What’s more, character wasn’t the only thing their self-denial built. Every institution I trusted as a child came to me through the hands of people like the judge—and that’s probably why I found the institutions trustworthy. You can’t have a functioning court (for example) without judges following a lot of rules that can’t easily be enforced. You can’t have courts that enjoy the public’s confidence when all the judges are aiming to be the “great dissenter,” to build their own reputations at the expense of their colleagues or the parties in their courtrooms, or to get their opinions quoted on MSNBC or Fox. You need judges who understand that there are some things just not done, some things just not said, no matter how much the judge himself might believe in them and no matter how they’d advance the causes he cares about.
That capacity for self-sacrifice doesn’t just descend on a man when you give him a robe. It’s a matter of character, and a closer cousin to starched collars than most people today appreciate.
Please don’t accuse me of nostalgia. I know our ancestors’ rules could be stifling and pointless, and I know the rule-givers could be oppressors or hypocrites. If there has ever been a perfect generation, we know it only through scripture; it certainly has not existed in the United States of America.
But with the judge’s generation all but departed, we owe it to ourselves—and, yes, to them—to admit that maybe they knew a few things that their richer and more comfortable descendents have forgotten.

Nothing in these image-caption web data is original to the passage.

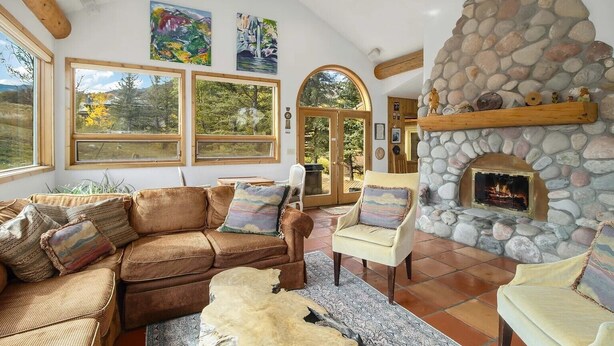 Un salon chaleureux avec une cheminée en pierre, des meubles en osier et de grandes fenêtres donnant sur l’extérieur.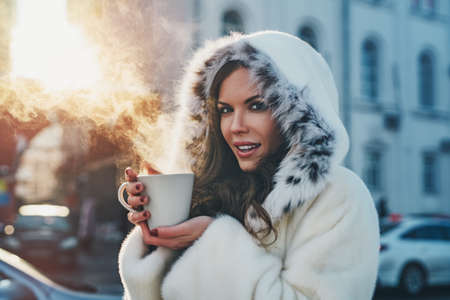 Young woman with warm mug winter portrait in city at sunset lightの写真素材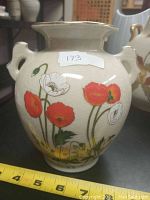 Side view of the ceramic vase showing red and white poppy flowers decoration with green stems, two small handles, and measuring tape indicating size.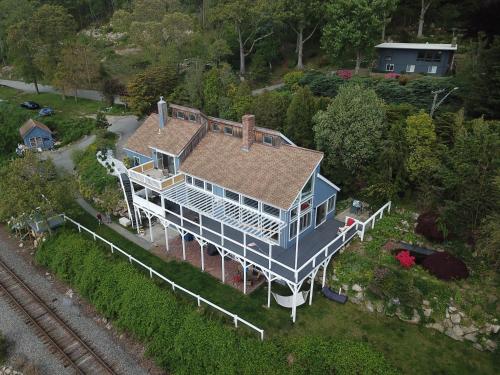an overhead view of a large blue house with a roof at Spectacular home with a amazing ocean - river view in Groton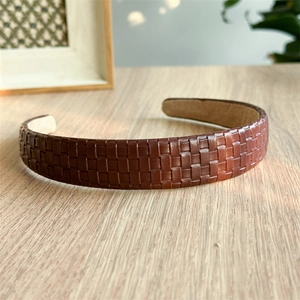 Detail of wide brown leather headband with woven texture on a natural wooden table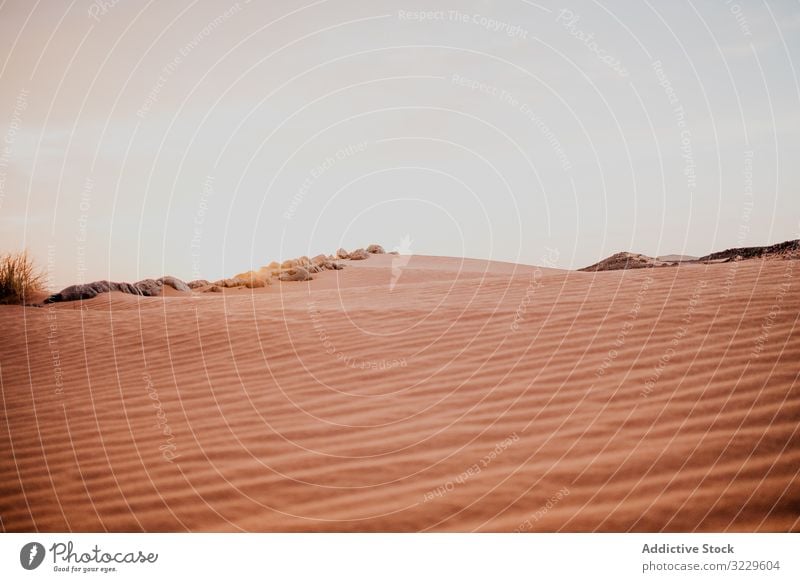 Sunset sky over hills in desert sunset sand cloudy rock arid morocco africa evening nobody landscape nature dune stone boulder sundown dusk twilight drought dry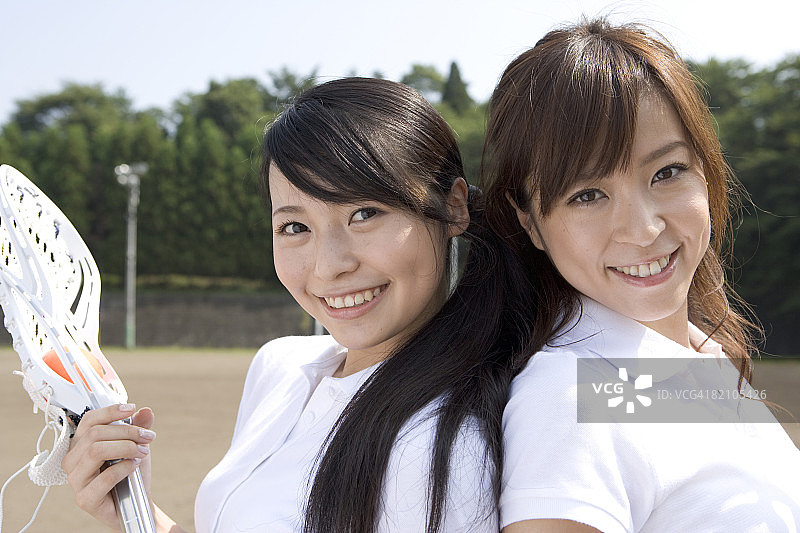 两名年轻女子手持曲棍球棒图片素材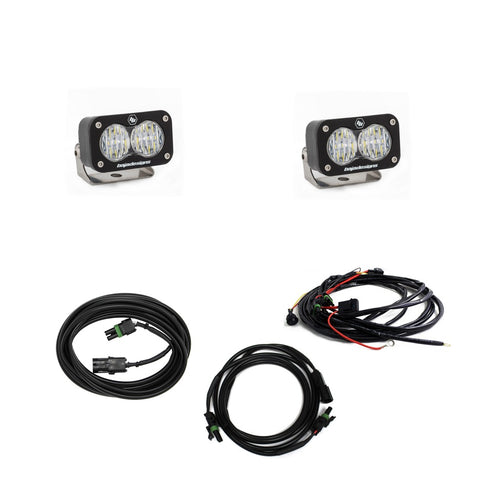 Baja Designs S2 Sport Dual Reverse Light Kit, complete kit on a studio background: two S2 Sport LED pods with clear lenses, a switched wiring harness and two extension cables on a white background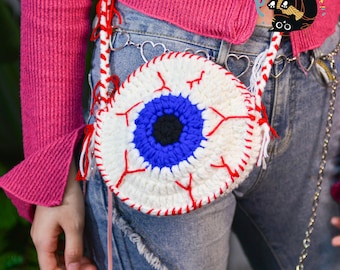 Spooky Chic: Hauntingly Detailed Eyeball Crossbody Bag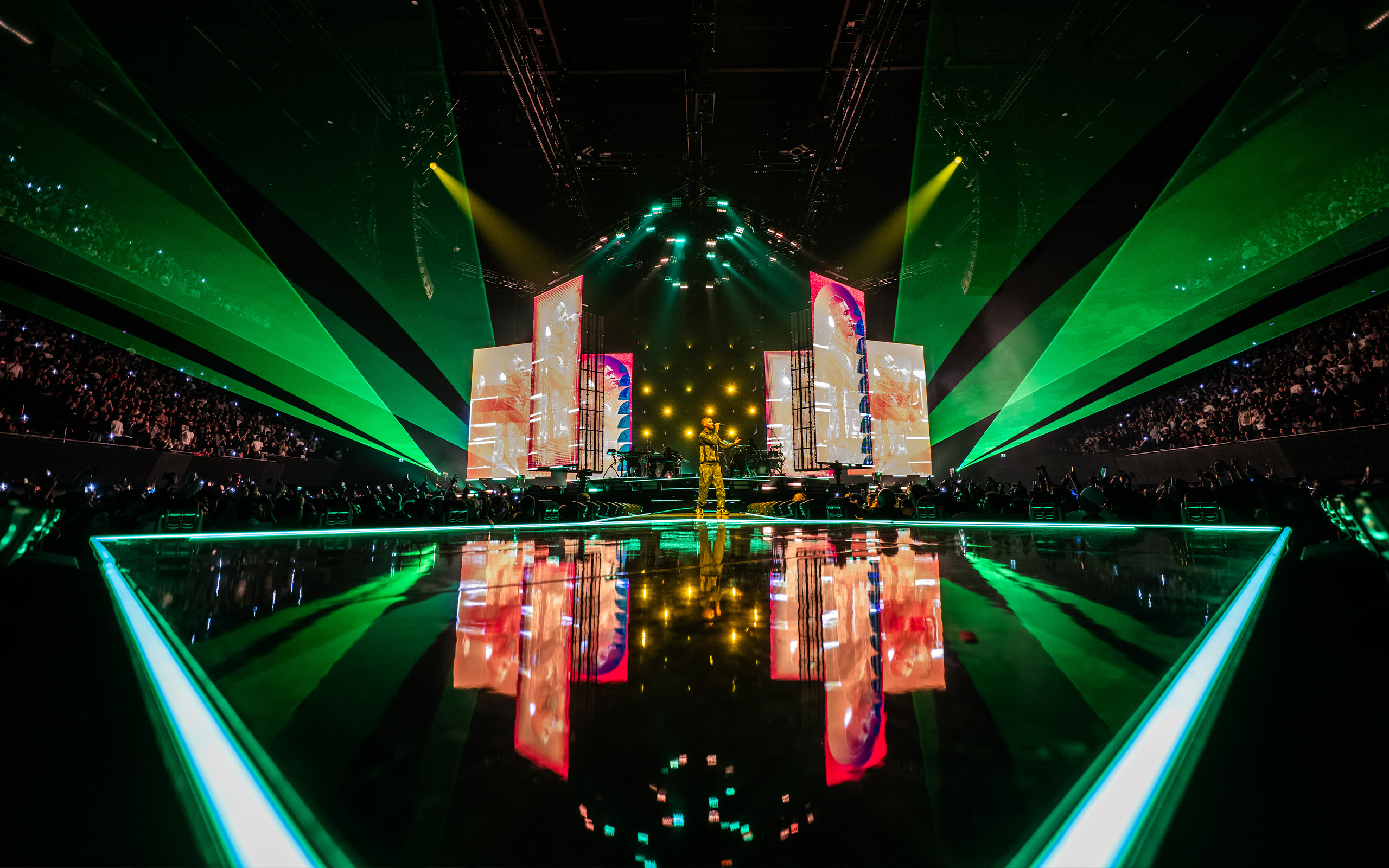 A wide shot from the front of the stage of Dave performing in front of green lasers and lights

Ironically, I’m not sure how much the judge would agree with me. I’m a gloomy conservative always dwelling on what’s being lost; he was an optimistic liberal amazed by the progress he’d seen in his lifetime—scientific progress, economic progress, progress in racial and sexual equality, and so on. And given his life story, how could I blame him? The institutions that had unwritten all the rules were the same ones that had accepted a Huntsville sheepherder with open arms and given him a life of wealth, prestige, and responsibility beyond anything he can possibly have imagined as a fatherless teenager in the mountains.
But for that exact reason, I wondered whether he could see the cost of all the progress, the way it ate the roots the judge himself had sprouted from. I wondered whether, spending all his time with his prosperous colleagues and family, he simply hadn’t met the people who didn’t thrive in the brave new world; the ones who, lacking rules, live aimlessly; the ones wearing scars from others’ aimless living. Maybe his virtues were so much a part of him that he couldn’t imagine how many people today grow up without them—without even seeing them—or what the consequences might be. Or maybe I was wrong and he’d seen all the things I’d seen, and he would just disagree with me about what they meant. If so, I’m sure he’d do it politely.
God willing, he and I will have that argument someday, or perhaps by then we’ll both be done with arguing and have greater things to talk about. In the meantime I’ll do the conservative’s work of remembering his generation with gratitude, and of asking my own generation to consider this: if the price of progress is a world that produces fewer people like Judge McKay, then maybe it isn’t really progress.